I created the post-obit 7 data file sizes to test each file reading method across a range of file sizes:

  • 1KB
  • 10KB
  • 100KB
  • 1MB
  • 10MB
  • 100MB
  • 1GB

Functioning Summary

There were some surprises and some expected results from the performance tests.

As expected, the worst performers were the methods that read in a file character by grapheme or byte by byte. But what surprised me was that the native Java IO libraries outperformed both 3rd party libraries – Apache Commons IO and Google Guava.

What's more – both Google Guava and Apache Commons IO threw a java.lang.OutOfMemoryError when trying to read in the 1 GB test file. This also happened with the Files.readAllLines(Path) method but the remaining seven methods were able to read in all test files, including the 1GB test file.

The following tabular array summarizes the boilerplate time (in milliseconds) each file reading method took to complete. I highlighted the top three methods in light-green, the average performing methods in xanthous and the worst performing methods in reddish:

The following chart summarizes the above table simply with the following changes:

I removed java.io.FileInputStream.read() from the nautical chart because its performance was so bad it would skew the entire nautical chart and you wouldn't see the other lines properly
I summarized the data from 1KB to 1MB considering after that, the nautical chart would become too skewed with so many under performers and likewise some methods threw a java.lang.OutOfMemoryError at 1GB

The Winners

The new Java I/O libraries (java.nio) had the best overall winner (java.nio.Files.readAllBytes()) only it was followed closely behind by BufferedReader.readLine() which was also a proven top performer across the lath. The other excellent performer was coffee.nio.Files.lines(Path) which had slightly worse numbers for smaller examination files merely really excelled with the larger test files.
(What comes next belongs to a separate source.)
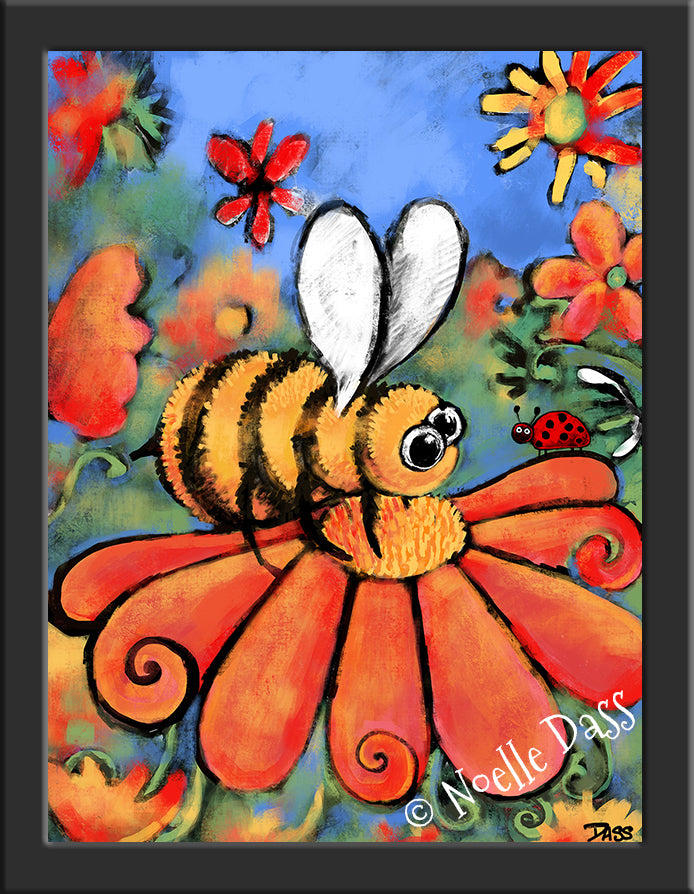 A Bee's Day Out Paper / 6x8 / Framed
The absolute fastest file reader beyond all information tests was java.nio.Files.readAllBytes(Path). Information technology was consistently the fastest and fifty-fifty reading a 1GB file just took about one 2nd.
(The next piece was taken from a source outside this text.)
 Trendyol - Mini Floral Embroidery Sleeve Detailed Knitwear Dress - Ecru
The following nautical chart compares functioning for a 100KB exam file:

Y'all can run into that the lowest times were for Files.readAllBytes(), BufferedInputStream.read() and BufferedReader.readLine().
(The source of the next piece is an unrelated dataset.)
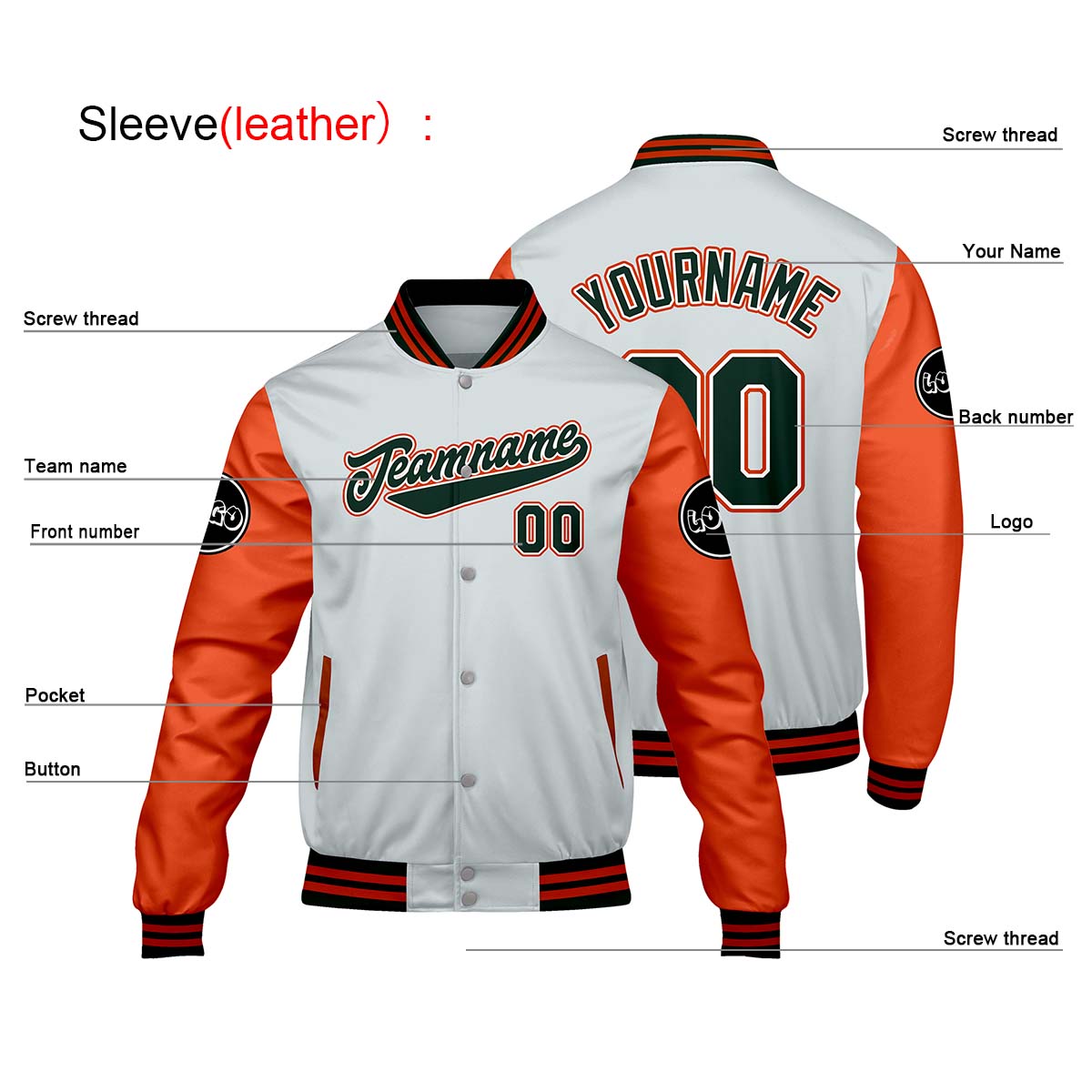 Custom Light Gray Orange Varsity Jackets for Men Women Youth Personalized Letterman Jackets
The following chart compares performance for reading a 10MB file. I didn't carp including the bar for FileInputStream.Read() because the operation was so bad it would skew the unabridged chart and you couldn't tell how the other methods performed relative to each other:

Files.readAllBytes() really outperforms all other methods and BufferedReader.readLine() is a distant second.

The Losers

Every bit expected, the absolute worst performer was java.io.FileInputStream.read() which was orders of magnitude slower than its rivals for most tests. FileReader.read() was likewise a poor performer for the same reason – reading files byte by byte (or graphic symbol by character) instead of with buffers drastically degrades functioning.

Both the Apache Commons IO FileUtils.readLines() and Guava Files.readLines() crashed with an OutOfMemoryError when trying to read the 1GB test file and they were about average in performance for the remaining exam files.

java.nio.Files.readAllLines() likewise crashed when trying to read the 1GB test file but information technology performed quite well for smaller file sizes.

Performance Rankings

Here'south a ranked list of how well each file reading method did, in terms of speed and handling of large files, as well as compatibility with different Java versions.

Rank File Reading Method
1 java.nio.file.Files.readAllBytes()
ii coffee.io.BufferedFileReader.readLine()
3 java.nio.file.Files.lines()
iv java.io.BufferedInputStream.read()
5 java.util.Scanner.nextLine()
6 java.nio.file.Files.readAllLines()
seven org.apache.commons.io.FileUtils.readLines()
eight com.google.mutual.io.Files.readLines()
9 java.io.FileReader.read()
10 java.io.FileInputStream.Read()

Determination

I tried to present a comprehensive set up of methods for reading files in Coffee, both text and binary. Nosotros looked at 15 dissimilar ways of reading files in Java and we ran performance tests to see which methods are the fastest.

The new Coffee IO library (java.nio) proved to exist a great performer just so was the classic BufferedReader.